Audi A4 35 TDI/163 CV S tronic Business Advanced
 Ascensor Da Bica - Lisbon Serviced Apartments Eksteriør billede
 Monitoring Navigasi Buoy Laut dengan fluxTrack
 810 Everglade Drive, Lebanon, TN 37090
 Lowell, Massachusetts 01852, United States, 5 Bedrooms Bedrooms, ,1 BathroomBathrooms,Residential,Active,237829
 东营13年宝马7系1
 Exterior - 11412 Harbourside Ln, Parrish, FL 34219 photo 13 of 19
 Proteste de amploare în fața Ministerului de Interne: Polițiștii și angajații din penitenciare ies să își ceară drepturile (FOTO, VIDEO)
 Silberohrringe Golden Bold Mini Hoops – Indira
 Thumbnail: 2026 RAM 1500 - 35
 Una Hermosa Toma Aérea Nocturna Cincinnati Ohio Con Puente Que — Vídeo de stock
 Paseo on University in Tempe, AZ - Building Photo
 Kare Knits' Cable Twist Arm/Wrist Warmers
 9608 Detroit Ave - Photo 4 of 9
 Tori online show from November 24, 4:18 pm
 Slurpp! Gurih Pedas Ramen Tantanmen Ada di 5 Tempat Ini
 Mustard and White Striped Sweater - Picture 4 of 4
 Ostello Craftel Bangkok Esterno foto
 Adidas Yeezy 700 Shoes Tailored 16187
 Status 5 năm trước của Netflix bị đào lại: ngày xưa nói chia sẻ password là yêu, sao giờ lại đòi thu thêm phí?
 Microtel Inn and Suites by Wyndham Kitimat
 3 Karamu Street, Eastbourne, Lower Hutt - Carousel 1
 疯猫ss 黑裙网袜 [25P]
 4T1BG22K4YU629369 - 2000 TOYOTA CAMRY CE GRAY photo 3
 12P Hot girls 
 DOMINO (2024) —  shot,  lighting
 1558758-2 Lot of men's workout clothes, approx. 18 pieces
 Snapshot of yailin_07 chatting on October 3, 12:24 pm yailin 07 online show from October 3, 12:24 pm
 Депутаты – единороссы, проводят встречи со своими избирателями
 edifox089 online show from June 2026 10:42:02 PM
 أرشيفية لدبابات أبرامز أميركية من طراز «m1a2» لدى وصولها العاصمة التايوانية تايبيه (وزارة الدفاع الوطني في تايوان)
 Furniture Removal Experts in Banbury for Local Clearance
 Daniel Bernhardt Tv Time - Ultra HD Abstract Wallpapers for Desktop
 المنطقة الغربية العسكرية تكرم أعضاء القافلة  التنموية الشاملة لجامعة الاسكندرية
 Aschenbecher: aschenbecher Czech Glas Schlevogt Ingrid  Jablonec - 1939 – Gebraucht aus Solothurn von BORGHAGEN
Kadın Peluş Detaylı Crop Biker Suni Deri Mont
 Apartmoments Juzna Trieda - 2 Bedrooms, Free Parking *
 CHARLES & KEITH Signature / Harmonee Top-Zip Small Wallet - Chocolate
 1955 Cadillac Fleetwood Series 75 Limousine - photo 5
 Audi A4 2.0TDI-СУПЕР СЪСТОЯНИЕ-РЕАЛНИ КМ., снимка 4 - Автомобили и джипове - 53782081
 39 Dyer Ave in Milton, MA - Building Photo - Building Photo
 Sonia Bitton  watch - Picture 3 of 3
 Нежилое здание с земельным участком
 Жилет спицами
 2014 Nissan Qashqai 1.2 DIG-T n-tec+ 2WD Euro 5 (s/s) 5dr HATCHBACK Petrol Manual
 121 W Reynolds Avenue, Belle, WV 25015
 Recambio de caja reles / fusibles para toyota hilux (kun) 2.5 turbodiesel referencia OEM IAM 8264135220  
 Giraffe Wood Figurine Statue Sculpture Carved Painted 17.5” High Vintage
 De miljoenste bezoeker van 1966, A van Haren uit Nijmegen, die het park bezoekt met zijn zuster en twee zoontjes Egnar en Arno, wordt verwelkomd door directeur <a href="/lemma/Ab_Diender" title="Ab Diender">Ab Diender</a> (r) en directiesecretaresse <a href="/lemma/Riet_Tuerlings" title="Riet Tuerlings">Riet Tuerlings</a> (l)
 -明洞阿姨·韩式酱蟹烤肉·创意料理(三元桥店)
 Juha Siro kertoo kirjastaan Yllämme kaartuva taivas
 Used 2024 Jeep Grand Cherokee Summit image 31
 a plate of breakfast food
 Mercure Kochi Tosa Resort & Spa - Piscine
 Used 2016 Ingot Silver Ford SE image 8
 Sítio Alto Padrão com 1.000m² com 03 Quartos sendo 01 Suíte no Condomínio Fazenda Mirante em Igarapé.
━━━━━━━━━━
EXERCISE AIM |
Return the lines of the listing where the string "Used" appears.

EXERCISE RESULT |
 Used 2024 Jeep Grand Cherokee Summit image 31
 Used 2016 Ingot Silver Ford SE image 8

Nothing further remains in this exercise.